Mohammad Suud
Madura dikenal memiliki banyak hal. Madura tidak hanya kaya dengan budaya lokal, tetapi Madura di sisi lain adalah pulau yang banyak memberikan sumbangsih nilai-nilai pendidikan, terutama kontribusi pesantren yang menjadi corong dinamika intelektualitas keislaman. Madura juga kaya dengan tradisi-tradisi yang menjunjung nilai-nilai persaudaraan antar sesama. Banyak persoalan sosial yang rela dikerjakan bersama. Rasa simpati dan empati kepada sesama sangat kental dalam kejiwaan masyarakat Madura.
Masyarakat Madura siap diminta sumbangsih pertolongan kapanpun dibutuhkan. Menghormati yang tua dan menyayangi yang muda adalah pola hidup yang selalu dilestarikan. Kita akan kenal bahwa bahasa Madura mempunyai tingkatan-tingkatan yang mempunyai cita rasa etika yang berbeda. Enje’-iye misalnya, dipakai dalam percakapan kalangan yang starata sosialnya sama dan satu dengan lainnya sangat akrab, roco istilahnya. Enggi-enten dipakai dalam percakapan dengan posisi yang sama, namun tidak sampai pada batas roco tadi. Enggi-bunten dipakai ketika berbicara dengan mereka yang dihormati dan disegani.
Kekayaan nilai-nilai tradisi, pola keberagamaan yang kental, loyalitas dan solidaritas antara sesama, menjadi kunci kokohnya pertahanan Madura dalam menjaga identitasnya dari rongrongan luar selama ini. Namun bagaimana pun, ketika kekayaan tersebut tidak disikapi dengan wawasan yang luas dan pola pandang yang bijak, maka semuanya itu akan hanya jadi ’bumerang’ terpuruknya Madura pada suatu saat nanti.
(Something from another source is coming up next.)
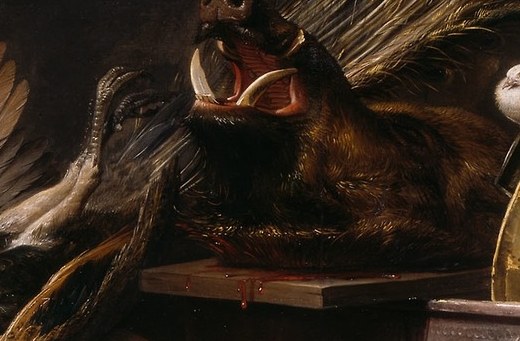 His brushwork captures every texture, even the boar's snarling head.
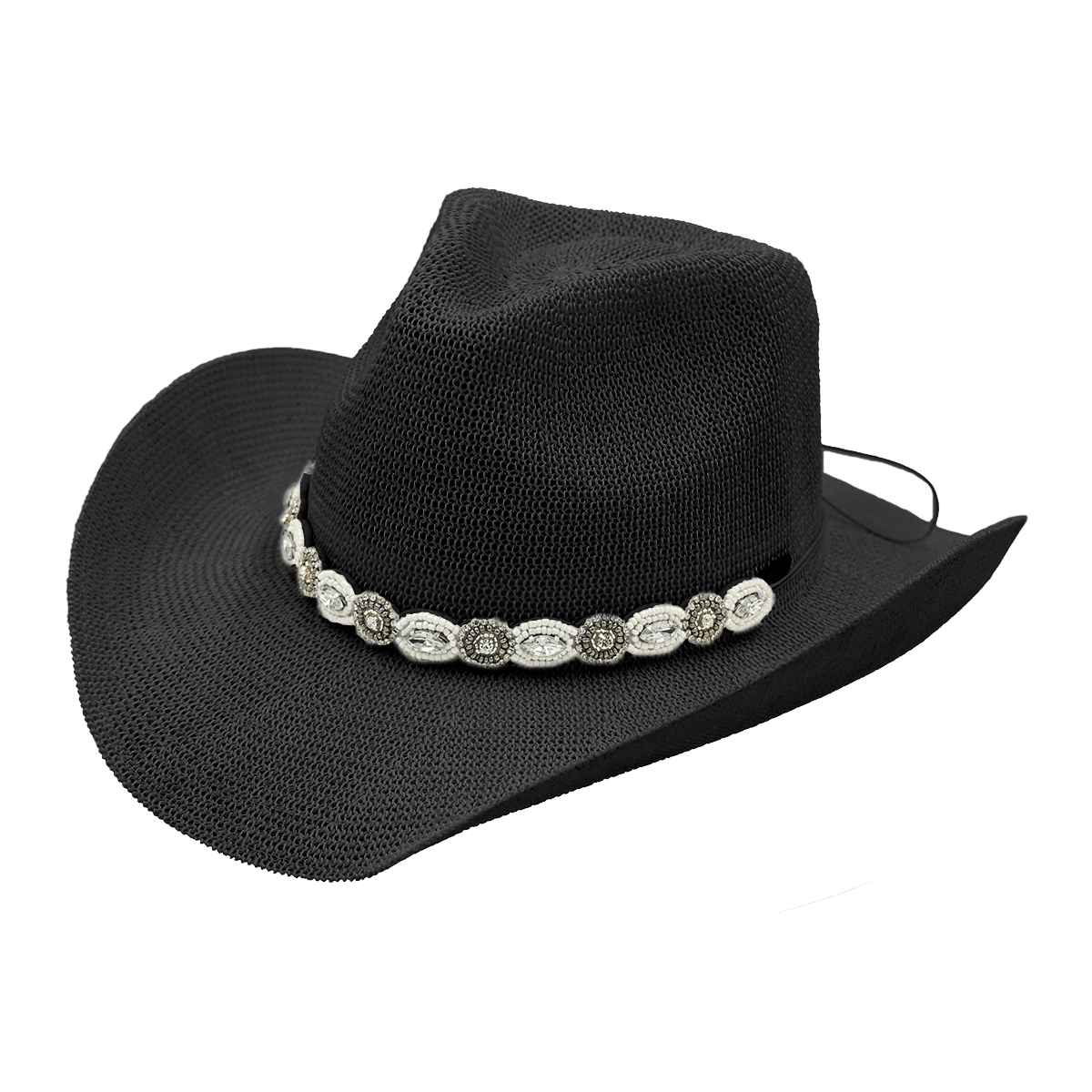 MiMi Wholesale - Wholesale Cowboy Hat - Women's - CBC08 C.C Brand Della Cowboy Hat w/ Pearl & Rhinestone0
Terlepas dari keutamaan Madura di atas, ada beberapa hal berdampak negatif yang perlu disadari oleh masyarakat Madura, jika berharap Madura ke depan mampu membentengi eksistensi identitasnya berikut mampu berdialektika dan bersaing dengan dunia di luarnya. Rasa memiliki banyak hal telah membuat Madura ’asyik’, ’ektase’, dan ’mabuk’ dengan romantisme dan imaji-imaji kemaduraannya. Akhirnya fanatisme, eklusivisme, dan konservatifisme — disadari atau tidak –menjadi ’ideologi’ pola sosial dan keberagamaan Madura.